A shootable draft?? There’s no such thing. Even when your drafts ARE shot, there’s a good chance you will see things you *should have* written, even if people tell you they love your work. What’s more, with filmmaking being a collaborative effort, you may not agree with a director’s choices or a producer’s demands in a rewrite – yet you will have to do it. It’s the way that is, hence the back-handed compliment I’ve heard writers sometimes give each other: “Hey, congratulations on getting a prodco to fuck up your script!”
So if you’re striving for perfection in your rewrite second time around (or even four, five, six times around and more!), you’re setting yourself up for disappointment. You won’t get perfection. Your reader won’t come back to you and say, “Hey, this is fine now, send it out”, they’ll hopefully say something along the lines of: “You’ve worked out [these issues], now you need to concentrate on [these issues].” This is a GOOD thing, it’s a sign you’re making progress, not a failure – because your second first draft will be what it is: a slightly better first-first draft.
But there is one other thing when considering rewrites: don’t be afraid of returning to page one. It’s not a sign of failure or even weakness and you can still use your original draft(s) as a foundation for the new script. When I wrote Thy Will Be Done, I wrote nine drafts of my first draft and three of them (a third!) went back to page one. Each time it was needed and each time it got stronger as a result. Now I have a script in my portfolio that I am confident with and that I know is good – even when people have told me they didn’t like it. I know it’s story preference, rather than craft. And that counts for so much.
How do you approach rewriting?
Hi Lucy, I’m still alive, and halfway through my penultimate day in this job.
I hate the thought of rewriting, but I actually don’t mind the “act” (ooh err, missus).
And I always work on paper the first few times. Print out, go through with the red pen (well it’s usually blue or black but I prefer red), make changes, new scenes in, redundant scenes out. Or indeed wipe out a complete character.
I admit I’ve never done a page one re-write. I really hate the idea of that. But it may come.
We always hate the idea of page 1, but it’s strangely liberating. I’ve had some of best writing highs doing page 1 rewrites, defo.
Lucy,
Just wanted to let you know that I’ve been debating this on my blog, thelagrind.blogspot.com, all week and I reposted your post there.
R
Thanks for letting me know Russell! Will check your posts out.
x
I have mixed feelings about rewriting. On the one hand I find it reassuring that rewriting is what it’s all about. My first drafts are awful. I know most writers produces dodgy first drafts but I’m definitely one of those that needs *lots* of work on all aspects of the script. On the othe hand it’s incredibly daunting going back to page 1. For me this isn’t so much because I mind starting again (I agree with Lucy that it can be strangely liberating)but it feels like the previous draft has been an avoidable waste of writing time if only I’d spotted the problems sooner. Grrrr!

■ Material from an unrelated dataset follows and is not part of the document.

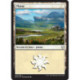 (Foil) Terrain - Plaine (V1) (L) [DOM]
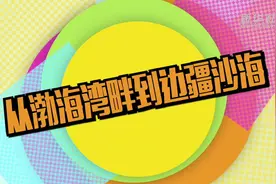 习近平总书记关切事｜“90后”职场“圆桌会”：我们这样树“三观”图片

Also, as Lucy knows, I like to get feedback after the first draft. This is because *if* I’m going to go back to page 1 then I’d rather do it before I’ve worked on the dialogue and so on.
As I’ve said to you before Caroline, previous drafts are NEVER wasted… But it can take ages – and many scripts – to appreciate this, since it’s only over time you see yourself utilising stuff you’ve written and discarded before!